Le dimanche 14, je quitte de nouveau ma famille pour retourner à Paris. Je ne puis exprimer le serrement de cœur avec lequel je dis adieu au modeste cabinet dans lequel j’avais tant travaillé, et avec quelle désolation intérieure je vis disparaître derrière moi les petits arbres que j’avais plantés, la plage aimée sur laquelle j’avais promené mes rêves et mes réflexions, l’humble maison que j’avais édifiée péniblement, année par année. Je ne devais les revoir qu’après les désastres de la patrie et l’anéantissement de toutes mes espérances.
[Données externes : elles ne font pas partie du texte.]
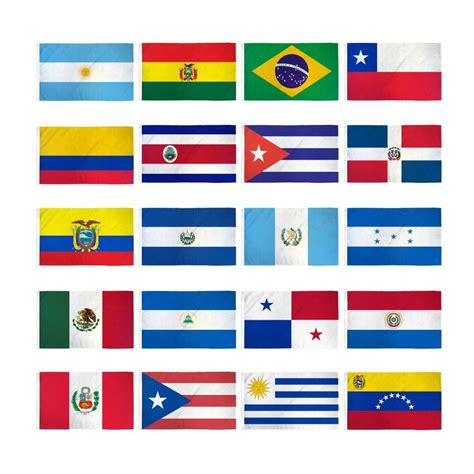 Set Of 20 Latin American Country Flags 2x3ft Latin America Countries Flags Set Ebay
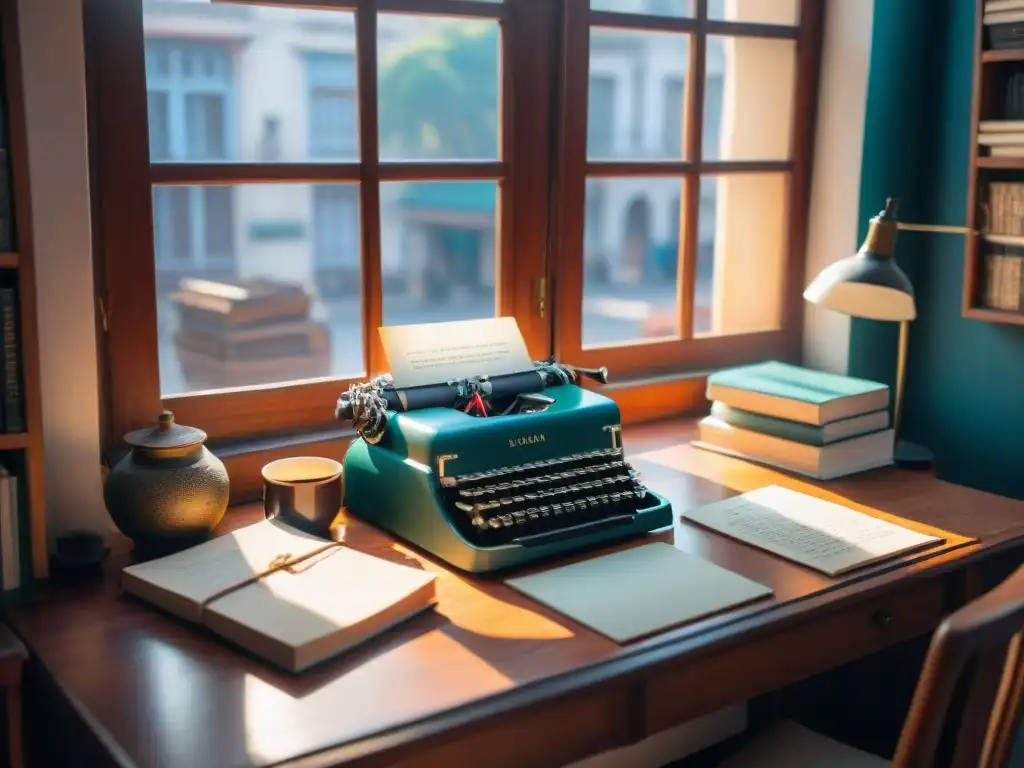 El acogedor escritorio de un escritor uruguayo, con libros, máquina de escribir y mate, iluminado por el sol de Montevideo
À Compiègne, maîtres et courtisans étaient ravis de ma détermination d’accepter le pouvoir. Conti-écrivait à Duvernois : « La conduite d’Émile Ollivier est celle d’un homme de cœur et d’un homme d’État ; nous allons sortir, grâce à lui, de tout ce gâchis. Enfin ! » (Dimanche soir 14.) Mardi 16, j’arrive à Paris. J’y trouve trois lettres de l’Empereur en réponse aux miennes : « Compiègne, 14 novembre. — Mon cher monsieur Émile Ollivier, j’ai à répondre à plusieurs de vos lettres, et comme le temps est précieux je me bornerai à vous adresser quelques questions et quelques observations. Je crois comme vous qu’il faut laisser la presse et les réunions libres, mais en réprimant cependant les attaques contre le gouvernement établi par la volonté nationale. Dans quel pays peut-on tolérer qu’on dise ouvertement qu’on veut renverser le pouvoir établi et mettre en doute la légitimité de son autorité ? C’est nier l’exercice régulier du suffrage universel. Je ne fais aucune objection à la nomination de M. Philis. Il faut rajeunir l’administration tout en tenant compte des droits acquis et des services rendus. Les sous-secrétaires d’État ne pourront entrer en fonctions qu’après le vote de la Chambre. Duvernois étant nommé auparavant, il faudrait qu’il donnât sa démission de député ; ce qui serait un inconvénient. Je compte rentrer à Paris vers le 21 ou le 22. Nos rapports deviendront plus faciles. Croyez à mes sentimens d’estime et d’amitié. »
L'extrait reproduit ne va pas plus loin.